Heaven knows that I have my ups and downs dispositionally—no way that could even be in question. But on a fundamental level, much of the time I'm OK. Not unfeeling (I feel plenty, all the time) or unaffected, but OK—my feelings often just don't affect my ability to be OK. I could speculate on why that's the case, but it's tough to explain and may be tougher to understand.
But that's not how I read others much of the time. Instead, it feels like they need or want something in order to be OK, and I want them to just go ahead and be OK. I don't mean to be dismissive of feelings; in fact, I'm terribly respectful of them in that I don't even understand why they should be changed and replaced by other feelings so urgently—feel what you feel and be OK with that. But others don't seem to work that way, either by nature or by choice, and I get more and more lost when I try to relate.
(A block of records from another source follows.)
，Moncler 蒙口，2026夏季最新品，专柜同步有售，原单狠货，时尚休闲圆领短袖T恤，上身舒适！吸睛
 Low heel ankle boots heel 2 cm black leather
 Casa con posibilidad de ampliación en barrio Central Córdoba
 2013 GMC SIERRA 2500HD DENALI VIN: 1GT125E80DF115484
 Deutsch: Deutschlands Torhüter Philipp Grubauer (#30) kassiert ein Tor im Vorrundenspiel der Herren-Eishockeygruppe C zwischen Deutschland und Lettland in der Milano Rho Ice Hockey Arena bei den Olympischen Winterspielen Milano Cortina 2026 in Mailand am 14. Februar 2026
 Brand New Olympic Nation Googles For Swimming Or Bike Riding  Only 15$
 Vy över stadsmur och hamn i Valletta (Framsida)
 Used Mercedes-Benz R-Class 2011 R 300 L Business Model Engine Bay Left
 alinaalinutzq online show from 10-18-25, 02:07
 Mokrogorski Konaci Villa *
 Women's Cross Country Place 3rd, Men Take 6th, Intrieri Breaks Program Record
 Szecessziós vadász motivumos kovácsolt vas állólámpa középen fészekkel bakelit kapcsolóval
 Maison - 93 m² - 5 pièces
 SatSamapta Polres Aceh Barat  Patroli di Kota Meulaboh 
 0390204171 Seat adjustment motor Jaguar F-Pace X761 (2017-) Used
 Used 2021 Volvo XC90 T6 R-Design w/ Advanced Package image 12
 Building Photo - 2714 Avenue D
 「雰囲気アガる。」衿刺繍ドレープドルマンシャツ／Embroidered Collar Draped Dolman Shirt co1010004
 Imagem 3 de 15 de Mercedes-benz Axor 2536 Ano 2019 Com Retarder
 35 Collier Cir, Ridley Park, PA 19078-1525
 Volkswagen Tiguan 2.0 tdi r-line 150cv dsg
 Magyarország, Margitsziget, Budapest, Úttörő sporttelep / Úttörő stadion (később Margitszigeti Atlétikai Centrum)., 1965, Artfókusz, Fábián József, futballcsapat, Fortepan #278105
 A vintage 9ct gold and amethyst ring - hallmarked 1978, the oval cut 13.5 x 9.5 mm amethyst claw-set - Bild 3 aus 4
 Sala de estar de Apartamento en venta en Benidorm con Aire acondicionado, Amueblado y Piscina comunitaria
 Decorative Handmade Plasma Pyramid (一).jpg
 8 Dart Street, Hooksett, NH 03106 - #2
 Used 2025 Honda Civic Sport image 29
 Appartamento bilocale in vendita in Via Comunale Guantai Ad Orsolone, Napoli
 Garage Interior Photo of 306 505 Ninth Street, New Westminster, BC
The ante is upped when I feel their want or need turned on me—it scares me on some level. I'm sure there's plenty of laziness, selfishness, faithlessness, and outright sin in my response. I'm afraid of getting used up or drained dry in someone's attempt to be (possibly momentarily) OK. Since I don't understand why they can't just be OK, I don't know what or how much I can give toward that want or need. Not giving is selfish and cold; giving is throwing myself into a relational freefall. Where's the bottom? When will you be OK?
As I get older, I get more skittish on even simpler wants and needs. Faced with some of the smallest desires from others, I'm immediately afraid of being consumed. I love focus and mission and purpose, because then I know what we're shooting for and when we'll be done. I can deal with and even enjoy being depended upon for something, but just being generally depended on scares the bejeezus out of me. I don't want to be a dependency—I don't even understand how that would work or what would ever be enough. For me, that's the equivalent of signing a blank check or the back page of an unread contract.
The disconnect has potentially monstrous repercussions—in how I view culture and politics, in my career, in my friendships, with my family, in my marriage, and in my relationship with God. No man is an island, but this man is afraid he's doing a truly rotten job of connecting with anyone else.